Se pudo recuperar con vida a cuatro personas, una de las cuales, una mujer portuguesa de 37 años, falleció con posterioridad. Primero se recuperó el cadáver de un hombre de 60 años y, tras grandes esfuerzos por parte de los Bomberos, fueron los otros tres cuerpos, pertenecientes a otras tantas mujeres. Los tres heridos, todos portugueses, son un varón de 24 años, que está en estado grave; otra mujer de 30 y una adolescente de 14, ambos leves.

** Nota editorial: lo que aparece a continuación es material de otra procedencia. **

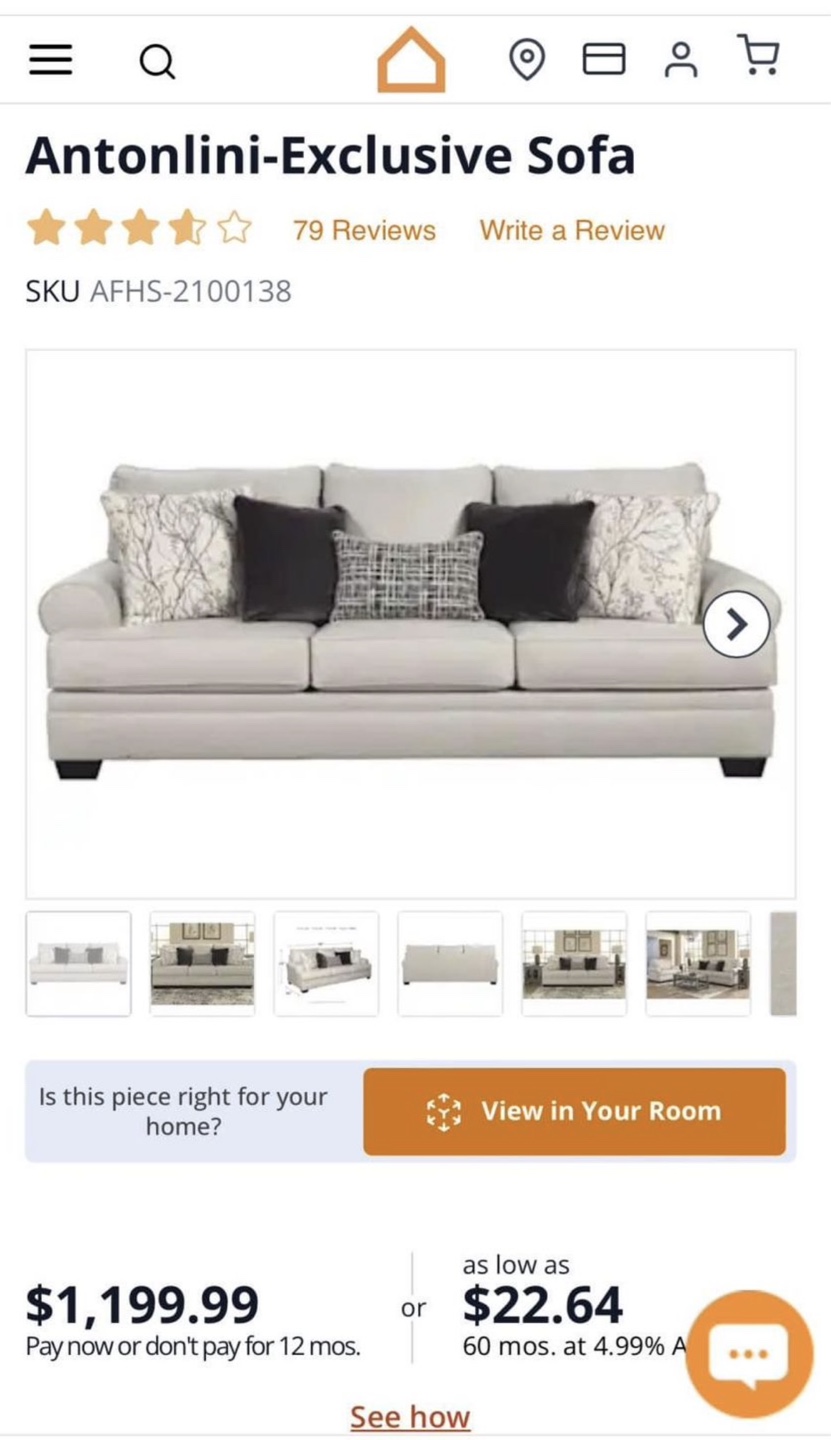 2 GORGEOUS Brand new Sofa GREY SOFA SET from Ahsley Brand - photo 5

Portavoces de la Marina portuguesa aseguraron que no hay españoles afectados por el siniestro y añadieron que las víctimas ya identificadas son todas de nacionalidad portuguesa.
El accidente se produjo a las once y media de la mañana, hora local (doce y media, hora española), al desprenderse varias rocas sobre la playa, enclavada en un acantilado. Los testigos describieron un ruido «ensordecedor» y una gran nube de polvo, en medio de la cual se escuchaba a personas gritando. La playa en la que se produjo el siniestro es un lugar muy frecuentado por turistas y estaba «llena de gente», con casi un millar de bañistas a la hora del accidente, según los medios lusos.
El presidente de Portugal, Aníbal Cavaco Silva, que se encuentra de vacaciones en la zona, acudió inmediatamente al lugar del siniestro, y en la tarde de ayer también viajó hasta allí el primer ministro luso, José Sócrates. «Este accidente se espera en cualquier sitio menos en la playa», manifestó Sócrates, quien se mostró consternado por el siniestro y transmitió su pesar a los familiares de las víctimas «en nombre del país».